I sleep soundly until dawn and take an early morning wash in the river. Mist clings to the side of the hills and thinly over the ground. Next to the river, palm trees rise up out of the mist.
It is some time until breakfast. We can’t make an early start because we have to wait for the truck that will take our luggage to the next village, where we transfer to dugouts.
Once the luggage is safely on its way, we set off on foot across the plain in the full heat of the day. After a little less than an hour’s walking, the truck meets us on its return journey. We clamber aboard and soon arrive at the village.

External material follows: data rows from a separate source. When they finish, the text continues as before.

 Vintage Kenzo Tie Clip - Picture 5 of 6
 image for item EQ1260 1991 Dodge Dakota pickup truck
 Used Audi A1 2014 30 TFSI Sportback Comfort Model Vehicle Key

There is a small shop where we can buy provisions, although their electricity is off so the drinks are warm. Then we board the canoes and are off. We motor along at a considerable rate until lunch time, and I find I am getting showered in spray. The view alternates between open plains, and tree-lined banks.

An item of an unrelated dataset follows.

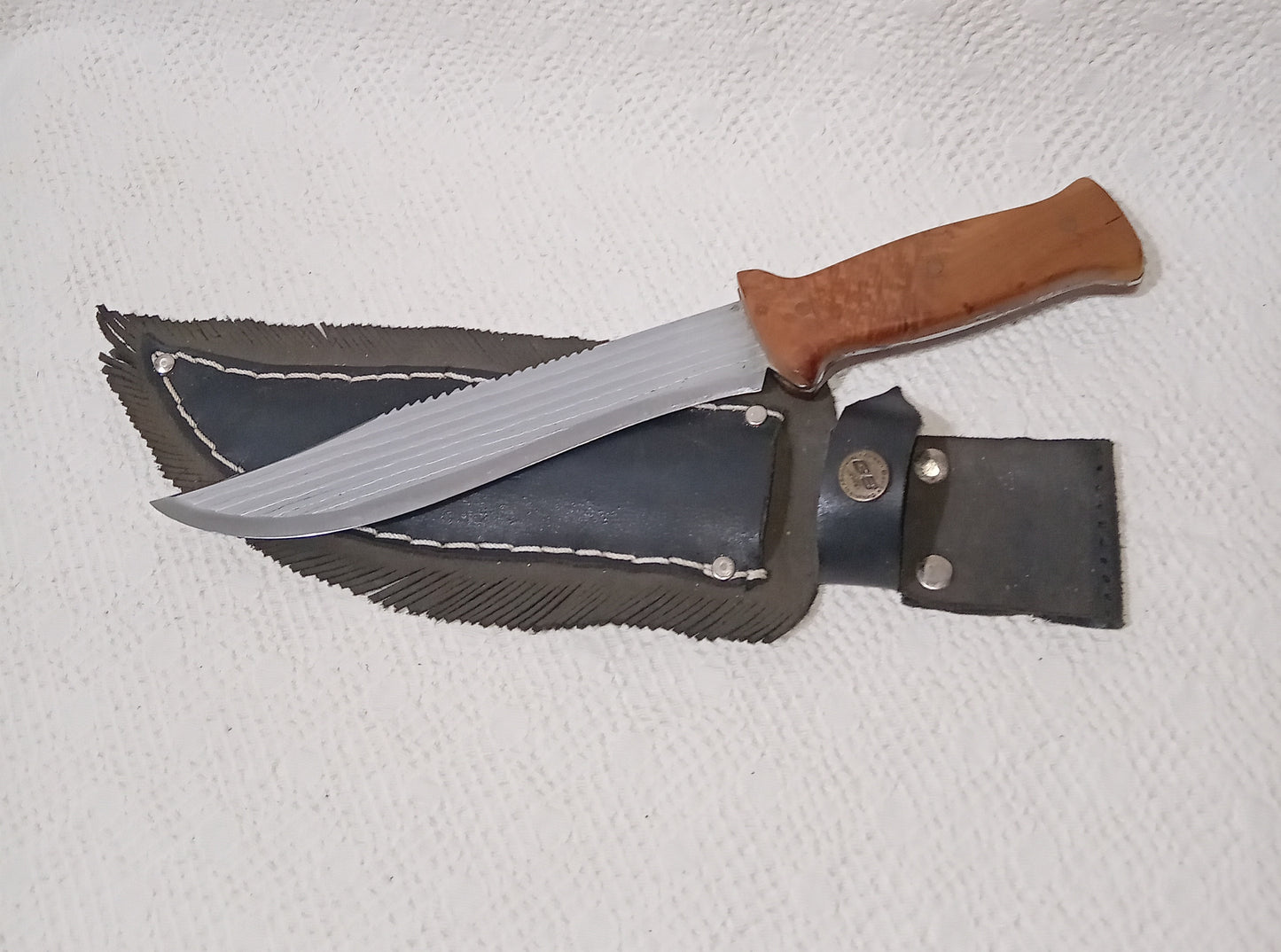 Coltello pugnale con anima decorata,lama 20 CM impugnatura in radica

We have a simple lunch beside some rapids, and then continue for about an hour of more gentle motoring to our campsite “Iwana-Meru”. There are two open-sided shelters in a clearing, one for the hammocks and one to eat under. We help to unload the canoes just above the rapids next to the camp, and then the crew very carefully let the canoes down to the other side. A short way downstream is a sandy bay where we can swim. It seems cold getting in, but it’s delightful. On the other side of the river far across the plain, two tepuis rise majestically towards the sky.